Particularly relevant for Sri Lankan readers are Chaudhary’s bold investments in neighbouring markets during challenging periods. His strategic acquisitions and partnerships in Sri Lanka—across banking, real estate, and hospitality—demonstrate a long-term belief in the country’s resilience and potential. At times when investor sentiment was cautious, his continued engagement reflected both commercial conviction and regional solidarity. These investments reinforce his broader philosophy: disciplined enterprise can create value even amid economic uncertainty, while simultaneously contributing to employment and industrial capacity.
The narrative is direct and unembellished. Chaudhary favours clarity over flourish, recounting negotiations, market entries, and expansion decisions with pragmatic precision and decisiveness. Some readers may find the tone more instructive than emotive; yet it is precisely this candour that strengthens the book’s credibility. Lessons on diversification, cross-border scaling, change management, and brand building emerge organically from lived experience rather than being presented as retrospective theory. At moments, the discipline and institutional focus echo the “good to great” philosophy associated with Jim Collins—particularly the emphasis on systems, leadership humility, and enduring organisational excellence.

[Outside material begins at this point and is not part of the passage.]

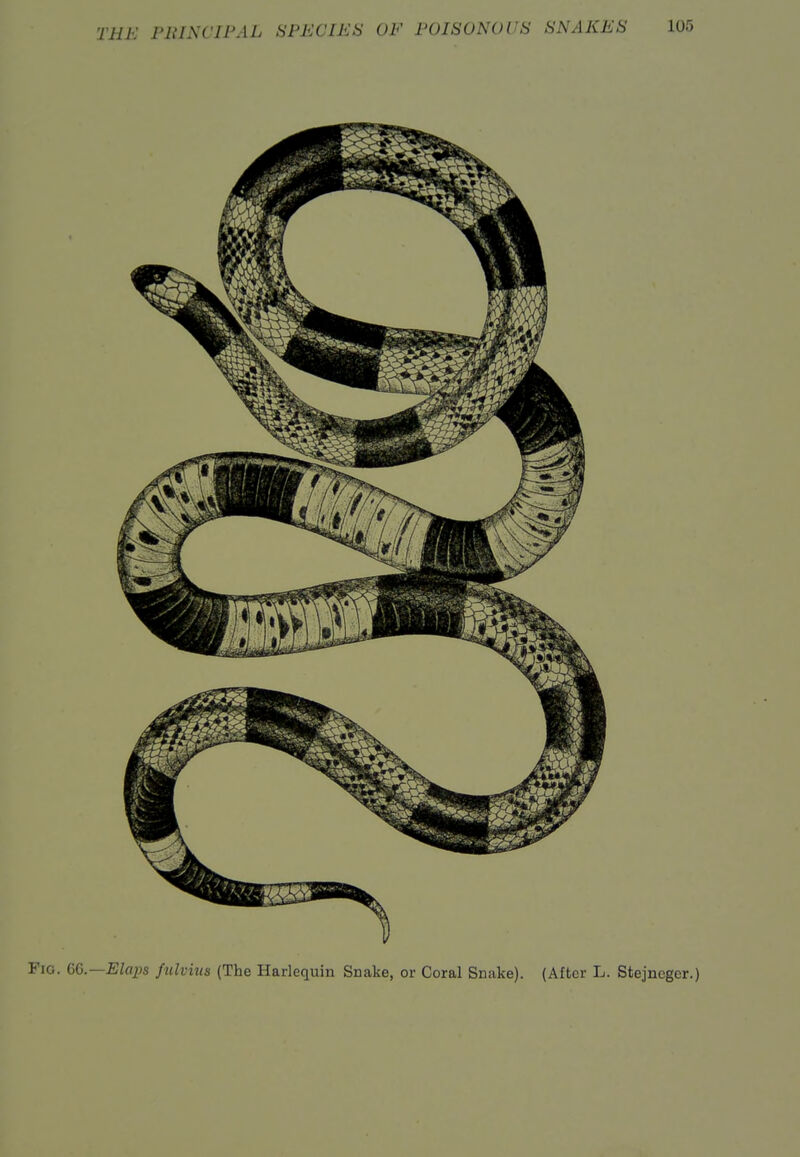Fig. 66.—Elai)s fulvius (The Harlequin Snake, or Coral Snake). (After L. Stejncger.)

One of the book’s most significant contributions lies in its exploration of global ambition from a peripheral base. Chaudhary challenges the assumption that emerging-market firms must first saturate domestic markets before venturing abroad. In smaller economies, he argues, internationalisation is not optional but essential; scale must be pursued externally when domestic ceilings are limited.
At a time when supply chains are being recalibrated and geopolitical shifts are reshaping global trade, Made in Nepal serves as a reminder that competitive advantage can be constructed in unlikely places. The “Land of Everest” operates as both metaphor and backdrop—a landscape where endurance is embedded in culture.
For business leaders in larger economies, the book offers perspective. For entrepreneurs in emerging markets, it provides encouragement grounded in precedent. For policymakers, it underscores a recurring lesson: enabling enterprise may be one of the most reliable pathways to national resilience. The narrative also pays generous tribute to mentors, friends, and family, reinforcing the importance of support systems behind entrepreneurial success.
Chaudhary does not portray himself as infallible. Failures and miscalculations appear alongside achievements, strengthening the book’s central message that setbacks are integral to scale. Ultimately, Made in Nepal is less a victory lap than a call to expand the map of global business possibility—and to recognise that ambition, when combined with hard work, discipline, resilience, and courage, can transcend even the most formidable constraints. It is a rewarding read for those committed to nation-building, offering corporate adventure, practical philosophy, and enduring leadership lessons—particularly for young leaders in emerging economies determined to transform adversity into opportunity. In that sense, it echoes the enduring realism of Niccolò Machiavelli: fortune favours those prepared to shape it.